Su quali spiagge e territori siete già intervenuti per il miglioramento delle prestazioni ambientali, secondo la mission dell’iniziativa ENI CBC MED?
Il progetto si concentra su 5 aree di studio in tre paesi mediterranei: insieme a Libano (Tyre Coast Nature Reserve) e Tunisia (Monastir, Kuriat Island), anche l’Italia è coinvolta dalle nostre attività di ricerca scientifica e monitoraggio; ad oggi abbiamo raggiunto 3 spiagge nel Salento (in Puglia) ed altre 3 nella Maremma Toscana.
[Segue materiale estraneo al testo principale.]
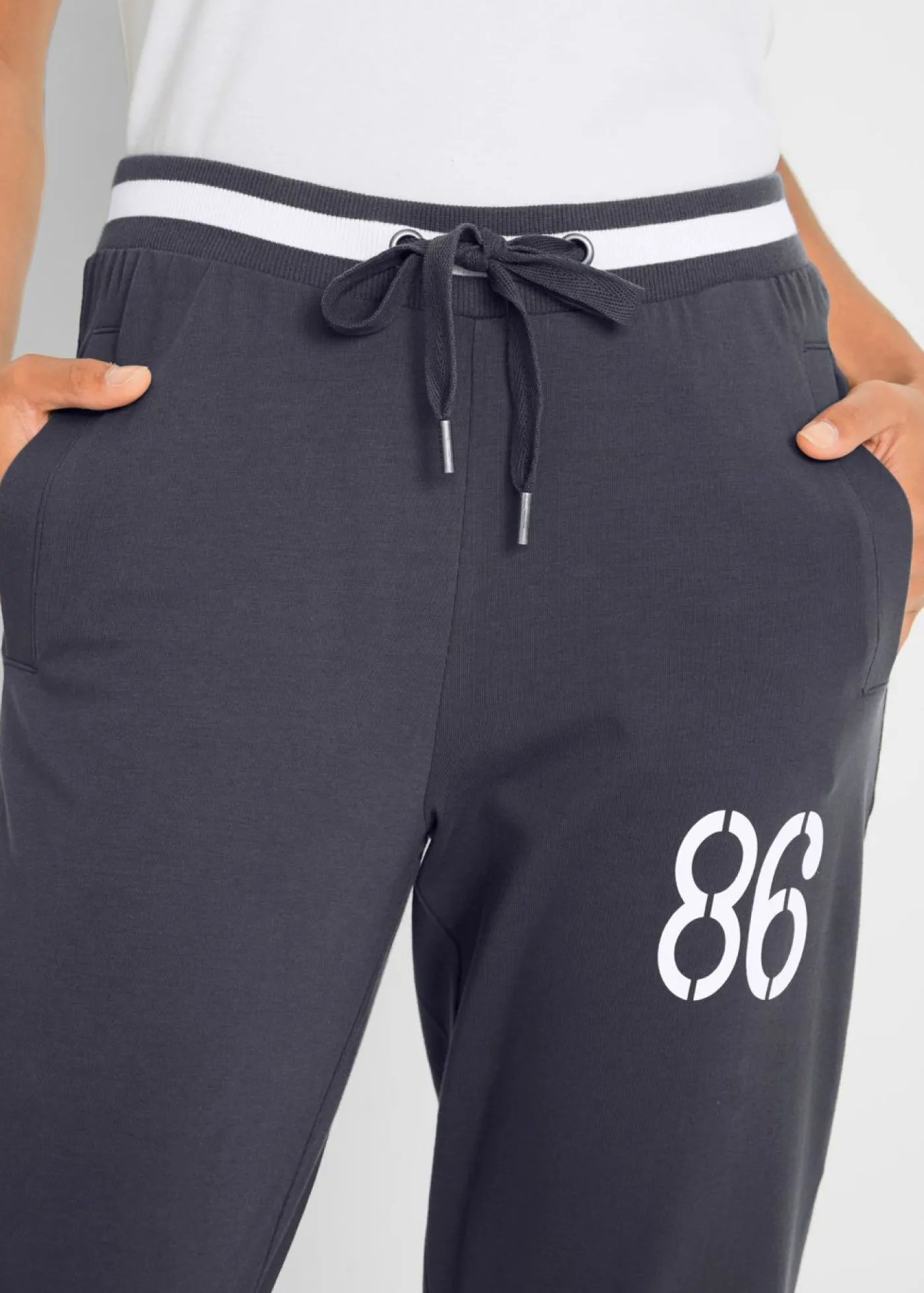 bonprix bonprix Pantalón de chándal 3/4 de mezcla de algodón Azul oscuro estampado New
In quest’ultimo caso, le zone oggetto di indagine sono da considerare da Nord verso Sud: Scarlino, Principina a Mare (all’interno del Parco Regionale della Maremma) e Feniglia”.

Quanto è importante l’approccio integrato e multi-stakeholder di ogni azione?
È fondamentale, per comprendere meglio i diversi impatti del marine litter nelle aree costiere, poiché solamente mettendo assieme le informazioni provenienti da diverse discipline e dai diversi stakeholder è possibile avere il corretto quadro d’insieme. È inoltre fondamentale che le attività scientifiche vengano disseminate ed integrate per la gestione dell’ambiente marino costiero dai diversi policy-maker e stakeholder, come anche che vengano adeguatamente divulgati”.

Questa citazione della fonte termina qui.